# MisFOILing an equation?

1. Aug 25, 2008

### Banaticus

Edit: See edit at the bottom of the post

1. The problem statement, all variables and given/known data
From a couple of common equations, derive a third common equation.

2. Relevant equations
I $X(t)=X_0+V_0 t+\frac{1}{2}at^2$
II $V(t)=V_0+at$

3. The attempt at a solution
Substituting II into I gives us:
$\triangle X=V_0\frac{V_F-F_i}{a}+\frac{1}{2}a\frac{V_F-V_i}{a}^2$
Removing the first value on the right hand side of the equals (since $V_0$ is typically 0), we get:
$\triangle X=\frac{1}{2}a\frac{V_F-V_i}{a}^2$
Perhaps I've made a mistake foiling this, but I got:
$\triangle X=\frac{1}{2}a\frac{V_F^2+V_F V_i-V_F V_i+V_i^2}{a^2}$
The inner and outer terms drop out and a positive squared and a negative squared are both a positive, right? So, then after canceling an "a" and moving the remaining "a" and the 1/2 over to the left hand side:
$2a\triangle X=V_F^2+V_i^2$

But, it's my understanding that the final answer should be:
$2a\triangle X=V_F^2-V_i^2$
Note the - between the velocity values, not a +, which I got. So, what am I doing wrong? Is the equation supposed to be a - not the + which I think it should be? Did I make a mistake foiling?

Edit:

Ok, I did make a mistake foiling. The middle terms shouldn't drop out. They aren't:
$V_F^2+V_F V_i-V_F V_i+V_i^2$ but rather:
$V_F^2-V_F V_i-V_F V_i+V_i^2$ which simplifies to:
$V_F^2-2(V_F V_i)+V_i^2$

Still, how do I get this to become: $V_F^2-V_i^2$? I could drop out anything with $V_i$ in it, since we assume that itt's zero and anything multiplied by zero is zero, but then I'd up with just a:
$V_F^2$ instead of a:
$V_F^2-V_i^2$

Further edit:
Ok, since I have a $V_i$ in the final answer, I probably shouldn't have dropped it to begin with.

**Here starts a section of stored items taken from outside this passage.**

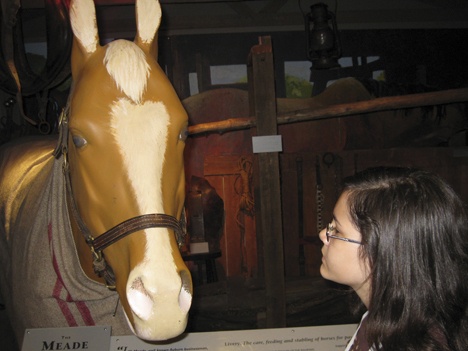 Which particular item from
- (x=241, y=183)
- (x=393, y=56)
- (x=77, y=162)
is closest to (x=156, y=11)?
(x=77, y=162)

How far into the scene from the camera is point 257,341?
169cm

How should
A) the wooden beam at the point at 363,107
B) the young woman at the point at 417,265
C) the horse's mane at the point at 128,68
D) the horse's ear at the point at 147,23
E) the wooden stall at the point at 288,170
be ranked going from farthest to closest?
the wooden stall at the point at 288,170
the wooden beam at the point at 363,107
the horse's ear at the point at 147,23
the horse's mane at the point at 128,68
the young woman at the point at 417,265

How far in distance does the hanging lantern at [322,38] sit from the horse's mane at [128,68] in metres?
2.83

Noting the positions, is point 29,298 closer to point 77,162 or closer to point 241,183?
point 77,162

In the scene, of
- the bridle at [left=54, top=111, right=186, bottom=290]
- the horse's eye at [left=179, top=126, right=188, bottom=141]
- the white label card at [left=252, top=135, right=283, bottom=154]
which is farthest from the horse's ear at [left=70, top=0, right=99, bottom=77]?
the white label card at [left=252, top=135, right=283, bottom=154]

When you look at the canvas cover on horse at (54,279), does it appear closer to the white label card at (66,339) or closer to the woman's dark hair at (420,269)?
the white label card at (66,339)

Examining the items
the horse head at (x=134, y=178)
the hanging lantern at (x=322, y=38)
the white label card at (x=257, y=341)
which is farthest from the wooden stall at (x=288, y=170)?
the horse head at (x=134, y=178)

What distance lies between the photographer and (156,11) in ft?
5.17

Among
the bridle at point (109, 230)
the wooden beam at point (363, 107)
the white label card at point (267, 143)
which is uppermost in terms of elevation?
the wooden beam at point (363, 107)

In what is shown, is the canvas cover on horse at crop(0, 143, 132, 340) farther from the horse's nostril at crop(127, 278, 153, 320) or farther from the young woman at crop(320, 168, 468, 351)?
the young woman at crop(320, 168, 468, 351)

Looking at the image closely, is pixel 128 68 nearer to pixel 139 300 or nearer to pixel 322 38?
pixel 139 300

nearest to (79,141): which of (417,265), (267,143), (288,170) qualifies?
(417,265)

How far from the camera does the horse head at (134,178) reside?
115cm

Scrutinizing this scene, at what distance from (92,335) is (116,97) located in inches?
37.9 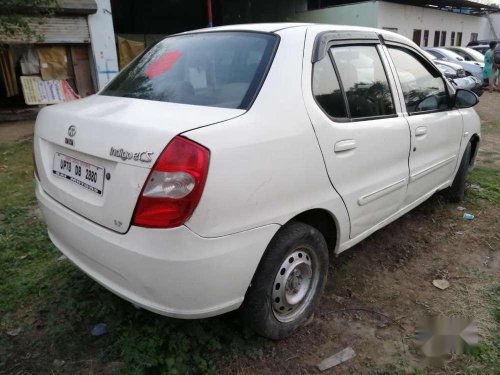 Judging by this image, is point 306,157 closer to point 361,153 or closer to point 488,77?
point 361,153

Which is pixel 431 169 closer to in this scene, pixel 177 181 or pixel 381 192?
pixel 381 192

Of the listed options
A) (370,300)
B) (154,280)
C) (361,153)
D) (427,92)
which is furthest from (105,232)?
(427,92)

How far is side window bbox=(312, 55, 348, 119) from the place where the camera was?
7.43ft

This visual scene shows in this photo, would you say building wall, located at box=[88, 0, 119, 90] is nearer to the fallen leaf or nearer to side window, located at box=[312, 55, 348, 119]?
side window, located at box=[312, 55, 348, 119]

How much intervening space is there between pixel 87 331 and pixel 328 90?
78.6 inches

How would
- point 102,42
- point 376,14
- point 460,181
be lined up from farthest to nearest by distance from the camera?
point 376,14
point 102,42
point 460,181

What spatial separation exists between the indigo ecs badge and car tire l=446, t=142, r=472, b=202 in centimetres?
347

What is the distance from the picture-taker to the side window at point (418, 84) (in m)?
3.03

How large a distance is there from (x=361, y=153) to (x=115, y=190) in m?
1.45

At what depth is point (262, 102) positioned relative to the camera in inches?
77.2

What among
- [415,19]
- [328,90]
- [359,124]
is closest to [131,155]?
[328,90]

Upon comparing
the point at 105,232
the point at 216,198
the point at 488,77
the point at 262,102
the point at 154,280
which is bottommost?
the point at 488,77

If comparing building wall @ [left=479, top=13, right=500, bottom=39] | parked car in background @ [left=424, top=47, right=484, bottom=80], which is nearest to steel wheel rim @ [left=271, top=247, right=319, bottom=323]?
parked car in background @ [left=424, top=47, right=484, bottom=80]

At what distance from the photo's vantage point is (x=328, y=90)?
2348 mm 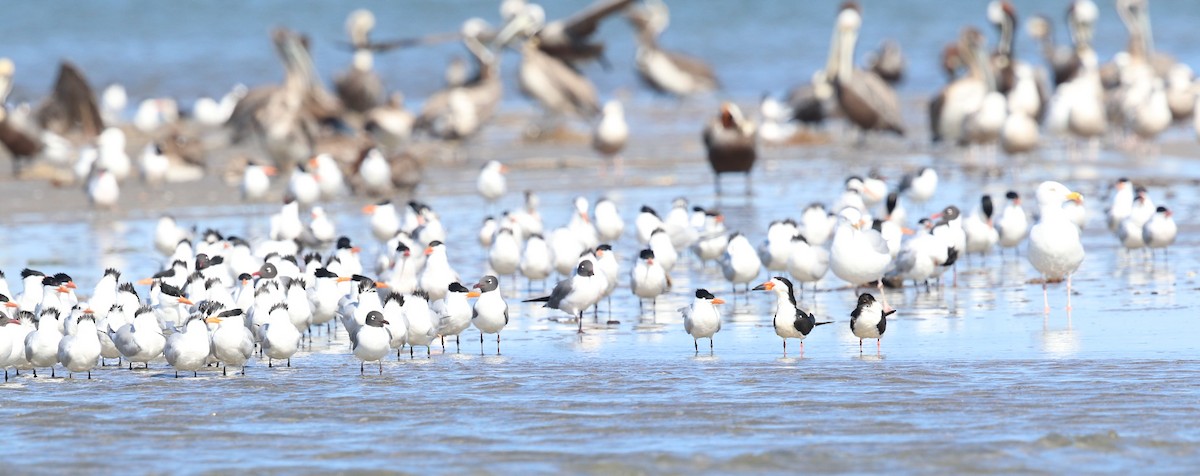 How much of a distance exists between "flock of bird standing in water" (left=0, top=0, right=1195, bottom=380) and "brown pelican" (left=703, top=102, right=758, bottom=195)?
0.03 m

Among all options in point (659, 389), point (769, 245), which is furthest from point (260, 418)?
point (769, 245)

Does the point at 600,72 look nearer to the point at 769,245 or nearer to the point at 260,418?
the point at 769,245

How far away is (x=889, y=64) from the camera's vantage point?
112ft

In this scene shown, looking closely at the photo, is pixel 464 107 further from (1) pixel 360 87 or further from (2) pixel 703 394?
(2) pixel 703 394

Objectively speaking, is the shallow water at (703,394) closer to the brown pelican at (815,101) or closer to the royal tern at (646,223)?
the royal tern at (646,223)

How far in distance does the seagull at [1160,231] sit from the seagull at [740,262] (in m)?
3.03

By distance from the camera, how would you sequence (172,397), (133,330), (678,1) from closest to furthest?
(172,397), (133,330), (678,1)

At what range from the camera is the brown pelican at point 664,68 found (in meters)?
34.7

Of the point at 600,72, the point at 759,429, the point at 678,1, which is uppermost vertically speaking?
the point at 678,1

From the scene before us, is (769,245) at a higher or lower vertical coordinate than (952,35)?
lower

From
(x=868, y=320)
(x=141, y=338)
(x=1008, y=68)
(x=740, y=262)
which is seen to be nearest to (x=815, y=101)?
(x=1008, y=68)

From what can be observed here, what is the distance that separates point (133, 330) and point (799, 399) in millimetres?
3675

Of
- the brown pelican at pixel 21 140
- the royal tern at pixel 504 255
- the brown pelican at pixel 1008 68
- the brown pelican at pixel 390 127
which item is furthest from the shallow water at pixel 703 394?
the brown pelican at pixel 1008 68

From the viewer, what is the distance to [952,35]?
4878 cm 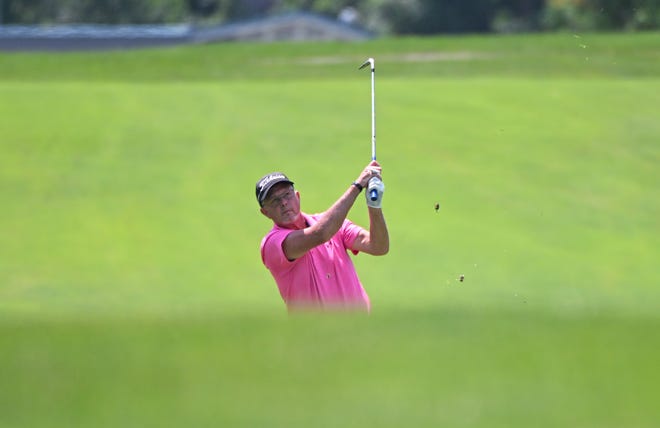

If I pull the 1/2, cancel an a and move the rest over to the other side of the problem (and remembering that V_0 and V_i are the same thing), I think I end up with:
$2a\triangle X=V_i*(V_F-V_i)+(V_F^2-2(V_F V_i)+V_i^2)$ multiplying that first V_i through, I get:
$2a\triangle X=(V_F V_i-V_i^2)+(V_F^2-2(V_F V_i)+V_i^2)$ canceling the V_i^2 I get:
$2a\triangle X=V_F V_i+V_F^2-2(V_F V_i)$ then canceling out one V_F V_i I get:
$2a\triangle X=V_F^2-V_F V_i$ I think.

But $V_F^2-V_F V_i$ still isn't $V_F^2-V_i^2$ -- what am I doing wrong?

Last edited: Aug 25, 2008
2. Aug 26, 2008

### alphysicist

Hi Banaticus,

This equation is missing one factor. Originally, the second term on the right had a factor of 1/2, which you got rid of by multiplying both sides by 2. So after that, now the term on the left is multiplied by 2 (so that is correct), but what about the first term on the right (the $V_i*(V_F-V_i)$ term)? Once you fix that I believe you'll get the answer you're looking for.